== Task directions ==
Copy, word for word, the lines of the entries below between the one with "Tecovas Boots The" and the one with "Ruffled V-Neck Camisole", inclusive, and leave out everything else.

== Provided data ==
****************************************

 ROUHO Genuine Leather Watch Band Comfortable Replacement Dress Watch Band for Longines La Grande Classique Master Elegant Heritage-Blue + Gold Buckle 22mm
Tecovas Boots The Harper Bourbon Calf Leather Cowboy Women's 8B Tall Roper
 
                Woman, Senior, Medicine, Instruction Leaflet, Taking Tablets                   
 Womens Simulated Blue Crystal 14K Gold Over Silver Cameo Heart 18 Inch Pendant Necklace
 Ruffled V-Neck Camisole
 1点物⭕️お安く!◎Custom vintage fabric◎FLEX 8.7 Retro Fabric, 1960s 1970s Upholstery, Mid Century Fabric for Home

****************************************

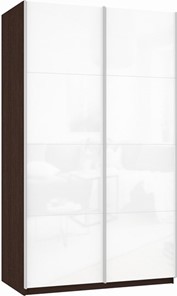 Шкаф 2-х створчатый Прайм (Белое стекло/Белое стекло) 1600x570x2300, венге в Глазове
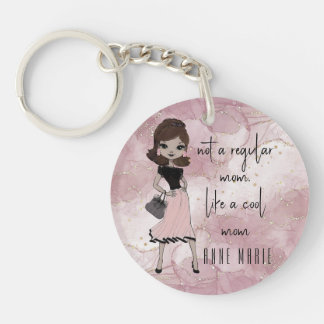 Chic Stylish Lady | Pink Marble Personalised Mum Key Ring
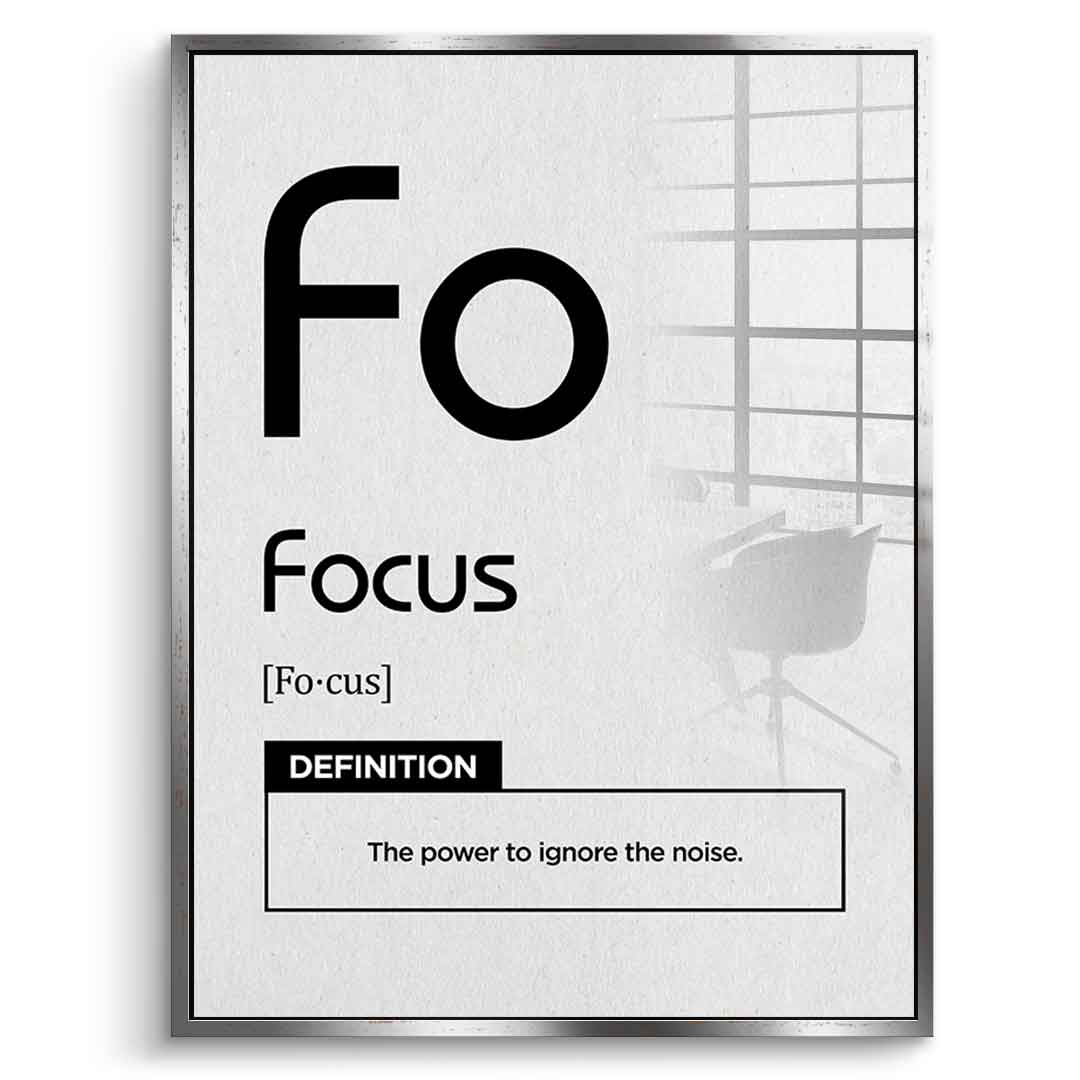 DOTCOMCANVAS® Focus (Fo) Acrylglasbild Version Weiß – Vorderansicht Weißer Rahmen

****************************************

== Solved exercise ==
Tecovas Boots The Harper Bourbon Calf Leather Cowboy Women's 8B Tall Roper
 
                Woman, Senior, Medicine, Instruction Leaflet, Taking Tablets                   
 Womens Simulated Blue Crystal 14K Gold Over Silver Cameo Heart 18 Inch Pendant Necklace
 Ruffled V-Neck Camisole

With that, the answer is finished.